» Directions for this task: Reproduce the entries below exactly, but only from the line containing "巴黎圣日耳曼官方宣布埃梅里因感冒缺席比赛阵容调整 巴黎圣" to the line containing "H030JA2M 蛇口用浄水器 シルバー", inclusive.

» Recorded data:

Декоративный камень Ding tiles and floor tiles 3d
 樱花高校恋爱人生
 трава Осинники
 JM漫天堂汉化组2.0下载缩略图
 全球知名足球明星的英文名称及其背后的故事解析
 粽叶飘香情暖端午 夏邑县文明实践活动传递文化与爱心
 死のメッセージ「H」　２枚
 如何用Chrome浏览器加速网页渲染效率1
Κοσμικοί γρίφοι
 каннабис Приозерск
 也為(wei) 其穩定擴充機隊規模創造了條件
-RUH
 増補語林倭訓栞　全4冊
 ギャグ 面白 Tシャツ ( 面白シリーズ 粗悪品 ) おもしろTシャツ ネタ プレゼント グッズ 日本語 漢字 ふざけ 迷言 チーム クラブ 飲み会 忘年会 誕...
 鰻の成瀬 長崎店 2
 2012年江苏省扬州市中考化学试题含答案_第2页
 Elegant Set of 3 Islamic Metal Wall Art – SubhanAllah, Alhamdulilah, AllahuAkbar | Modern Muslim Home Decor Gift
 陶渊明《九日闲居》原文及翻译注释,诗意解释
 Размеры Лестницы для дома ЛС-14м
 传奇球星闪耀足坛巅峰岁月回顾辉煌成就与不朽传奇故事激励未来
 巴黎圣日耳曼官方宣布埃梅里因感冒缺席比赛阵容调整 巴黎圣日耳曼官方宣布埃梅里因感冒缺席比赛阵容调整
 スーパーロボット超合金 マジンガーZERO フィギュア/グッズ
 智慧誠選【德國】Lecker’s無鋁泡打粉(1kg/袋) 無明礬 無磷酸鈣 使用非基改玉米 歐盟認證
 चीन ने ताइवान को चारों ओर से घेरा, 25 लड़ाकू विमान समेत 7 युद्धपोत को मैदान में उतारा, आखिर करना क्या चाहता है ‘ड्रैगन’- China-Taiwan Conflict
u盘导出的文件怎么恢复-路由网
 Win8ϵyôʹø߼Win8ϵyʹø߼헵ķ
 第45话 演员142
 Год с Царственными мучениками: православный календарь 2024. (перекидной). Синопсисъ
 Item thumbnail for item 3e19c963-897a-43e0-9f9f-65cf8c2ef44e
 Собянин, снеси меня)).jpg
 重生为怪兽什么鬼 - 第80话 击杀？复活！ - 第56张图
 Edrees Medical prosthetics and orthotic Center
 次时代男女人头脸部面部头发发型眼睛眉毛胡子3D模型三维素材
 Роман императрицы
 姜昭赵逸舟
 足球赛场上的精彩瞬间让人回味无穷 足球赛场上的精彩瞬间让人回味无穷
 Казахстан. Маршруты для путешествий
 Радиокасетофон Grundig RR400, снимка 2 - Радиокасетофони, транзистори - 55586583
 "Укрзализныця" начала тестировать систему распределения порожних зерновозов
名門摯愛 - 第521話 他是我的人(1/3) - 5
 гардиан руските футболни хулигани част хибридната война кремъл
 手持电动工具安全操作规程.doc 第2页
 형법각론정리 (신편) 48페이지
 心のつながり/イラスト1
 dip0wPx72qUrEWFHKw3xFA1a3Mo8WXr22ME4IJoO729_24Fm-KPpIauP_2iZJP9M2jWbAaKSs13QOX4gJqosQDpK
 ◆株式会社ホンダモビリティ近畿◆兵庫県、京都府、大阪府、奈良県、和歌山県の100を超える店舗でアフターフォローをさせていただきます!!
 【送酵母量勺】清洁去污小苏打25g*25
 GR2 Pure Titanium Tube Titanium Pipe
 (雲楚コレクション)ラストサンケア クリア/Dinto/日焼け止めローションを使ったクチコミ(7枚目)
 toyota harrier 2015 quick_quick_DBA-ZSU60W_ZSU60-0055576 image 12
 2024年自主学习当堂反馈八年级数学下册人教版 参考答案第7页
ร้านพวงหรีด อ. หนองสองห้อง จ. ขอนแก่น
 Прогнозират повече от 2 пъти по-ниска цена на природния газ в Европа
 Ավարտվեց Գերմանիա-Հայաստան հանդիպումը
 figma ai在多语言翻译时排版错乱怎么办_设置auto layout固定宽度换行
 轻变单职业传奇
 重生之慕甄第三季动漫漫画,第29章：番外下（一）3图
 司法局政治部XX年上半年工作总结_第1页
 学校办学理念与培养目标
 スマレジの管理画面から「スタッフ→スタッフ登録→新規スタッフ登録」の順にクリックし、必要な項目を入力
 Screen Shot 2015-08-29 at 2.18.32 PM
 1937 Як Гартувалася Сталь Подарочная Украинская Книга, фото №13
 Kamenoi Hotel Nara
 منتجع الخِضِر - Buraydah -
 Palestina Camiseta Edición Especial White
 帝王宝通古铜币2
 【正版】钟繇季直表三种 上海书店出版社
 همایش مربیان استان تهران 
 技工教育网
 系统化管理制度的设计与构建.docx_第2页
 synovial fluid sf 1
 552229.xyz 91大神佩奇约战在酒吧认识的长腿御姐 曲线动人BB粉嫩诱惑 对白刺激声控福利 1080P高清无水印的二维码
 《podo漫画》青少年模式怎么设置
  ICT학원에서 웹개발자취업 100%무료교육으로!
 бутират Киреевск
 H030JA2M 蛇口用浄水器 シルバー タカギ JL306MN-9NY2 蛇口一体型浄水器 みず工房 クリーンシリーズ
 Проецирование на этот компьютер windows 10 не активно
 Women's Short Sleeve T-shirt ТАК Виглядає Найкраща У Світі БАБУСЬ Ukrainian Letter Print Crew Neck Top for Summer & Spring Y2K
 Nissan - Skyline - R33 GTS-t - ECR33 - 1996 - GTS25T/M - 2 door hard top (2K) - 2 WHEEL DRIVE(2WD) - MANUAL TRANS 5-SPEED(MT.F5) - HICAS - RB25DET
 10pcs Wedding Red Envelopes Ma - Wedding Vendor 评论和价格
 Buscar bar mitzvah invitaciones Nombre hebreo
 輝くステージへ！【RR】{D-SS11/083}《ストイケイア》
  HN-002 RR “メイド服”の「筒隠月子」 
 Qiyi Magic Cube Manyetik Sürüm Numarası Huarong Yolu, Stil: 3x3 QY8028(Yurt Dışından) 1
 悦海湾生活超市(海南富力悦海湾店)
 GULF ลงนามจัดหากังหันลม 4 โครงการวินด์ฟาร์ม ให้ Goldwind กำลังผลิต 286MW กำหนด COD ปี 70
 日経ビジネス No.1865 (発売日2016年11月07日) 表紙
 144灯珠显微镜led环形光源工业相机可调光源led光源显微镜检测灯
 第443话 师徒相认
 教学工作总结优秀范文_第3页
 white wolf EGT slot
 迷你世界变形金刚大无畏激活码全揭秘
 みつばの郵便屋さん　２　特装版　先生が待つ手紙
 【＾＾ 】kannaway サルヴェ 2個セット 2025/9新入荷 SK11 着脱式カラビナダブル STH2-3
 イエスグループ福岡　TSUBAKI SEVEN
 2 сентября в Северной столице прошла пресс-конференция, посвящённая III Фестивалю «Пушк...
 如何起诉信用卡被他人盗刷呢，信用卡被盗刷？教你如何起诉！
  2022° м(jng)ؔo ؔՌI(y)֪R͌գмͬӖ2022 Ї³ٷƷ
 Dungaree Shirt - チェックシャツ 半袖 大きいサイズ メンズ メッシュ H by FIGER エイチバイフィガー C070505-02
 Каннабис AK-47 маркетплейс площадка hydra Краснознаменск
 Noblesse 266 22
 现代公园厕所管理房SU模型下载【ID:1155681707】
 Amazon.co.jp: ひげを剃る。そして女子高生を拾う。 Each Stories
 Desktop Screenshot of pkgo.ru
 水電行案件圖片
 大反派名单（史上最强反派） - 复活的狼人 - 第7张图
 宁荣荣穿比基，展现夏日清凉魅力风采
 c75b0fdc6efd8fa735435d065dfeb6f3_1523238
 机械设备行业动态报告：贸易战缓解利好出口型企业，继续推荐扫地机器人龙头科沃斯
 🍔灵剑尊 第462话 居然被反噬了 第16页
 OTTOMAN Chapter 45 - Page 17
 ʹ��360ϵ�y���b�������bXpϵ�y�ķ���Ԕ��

» Output below:
 巴黎圣日耳曼官方宣布埃梅里因感冒缺席比赛阵容调整 巴黎圣日耳曼官方宣布埃梅里因感冒缺席比赛阵容调整
 スーパーロボット超合金 マジンガーZERO フィギュア/グッズ
 智慧誠選【德國】Lecker’s無鋁泡打粉(1kg/袋) 無明礬 無磷酸鈣 使用非基改玉米 歐盟認證
 चीन ने ताइवान को चारों ओर से घेरा, 25 लड़ाकू विमान समेत 7 युद्धपोत को मैदान में उतारा, आखिर करना क्या चाहता है ‘ड्रैगन’- China-Taiwan Conflict
u盘导出的文件怎么恢复-路由网
 Win8ϵyôʹø߼Win8ϵyʹø߼헵ķ
 第45话 演员142
 Год с Царственными мучениками: православный календарь 2024. (перекидной). Синопсисъ
 Item thumbnail for item 3e19c963-897a-43e0-9f9f-65cf8c2ef44e
 Собянин, снеси меня)).jpg
 重生为怪兽什么鬼 - 第80话 击杀？复活！ - 第56张图
 Edrees Medical prosthetics and orthotic Center
 次时代男女人头脸部面部头发发型眼睛眉毛胡子3D模型三维素材
 Роман императрицы
 姜昭赵逸舟
 足球赛场上的精彩瞬间让人回味无穷 足球赛场上的精彩瞬间让人回味无穷
 Казахстан. Маршруты для путешествий
 Радиокасетофон Grundig RR400, снимка 2 - Радиокасетофони, транзистори - 55586583
 "Укрзализныця" начала тестировать систему распределения порожних зерновозов
名門摯愛 - 第521話 他是我的人(1/3) - 5
 гардиан руските футболни хулигани част хибридната война кремъл
 手持电动工具安全操作规程.doc 第2页
 형법각론정리 (신편) 48페이지
 心のつながり/イラスト1
 dip0wPx72qUrEWFHKw3xFA1a3Mo8WXr22ME4IJoO729_24Fm-KPpIauP_2iZJP9M2jWbAaKSs13QOX4gJqosQDpK
 ◆株式会社ホンダモビリティ近畿◆兵庫県、京都府、大阪府、奈良県、和歌山県の100を超える店舗でアフターフォローをさせていただきます!!
 【送酵母量勺】清洁去污小苏打25g*25
 GR2 Pure Titanium Tube Titanium Pipe
 (雲楚コレクション)ラストサンケア クリア/Dinto/日焼け止めローションを使ったクチコミ(7枚目)
 toyota harrier 2015 quick_quick_DBA-ZSU60W_ZSU60-0055576 image 12
 2024年自主学习当堂反馈八年级数学下册人教版 参考答案第7页
ร้านพวงหรีด อ. หนองสองห้อง จ. ขอนแก่น
 Прогнозират повече от 2 пъти по-ниска цена на природния газ в Европа
 Ավարտվեց Գերմանիա-Հայաստան հանդիպումը
 figma ai在多语言翻译时排版错乱怎么办_设置auto layout固定宽度换行
 轻变单职业传奇
 重生之慕甄第三季动漫漫画,第29章：番外下（一）3图
 司法局政治部XX年上半年工作总结_第1页
 学校办学理念与培养目标
 スマレジの管理画面から「スタッフ→スタッフ登録→新規スタッフ登録」の順にクリックし、必要な項目を入力
 Screen Shot 2015-08-29 at 2.18.32 PM
 1937 Як Гартувалася Сталь Подарочная Украинская Книга, фото №13
 Kamenoi Hotel Nara
 منتجع الخِضِر - Buraydah -
 Palestina Camiseta Edición Especial White
 帝王宝通古铜币2
 【正版】钟繇季直表三种 上海书店出版社
 همایش مربیان استان تهران 
 技工教育网
 系统化管理制度的设计与构建.docx_第2页
 synovial fluid sf 1
 552229.xyz 91大神佩奇约战在酒吧认识的长腿御姐 曲线动人BB粉嫩诱惑 对白刺激声控福利 1080P高清无水印的二维码
 《podo漫画》青少年模式怎么设置
  ICT학원에서 웹개발자취업 100%무료교육으로!
 бутират Киреевск
 H030JA2M 蛇口用浄水器 シルバー タカギ JL306MN-9NY2 蛇口一体型浄水器 みず工房 クリーンシリーズ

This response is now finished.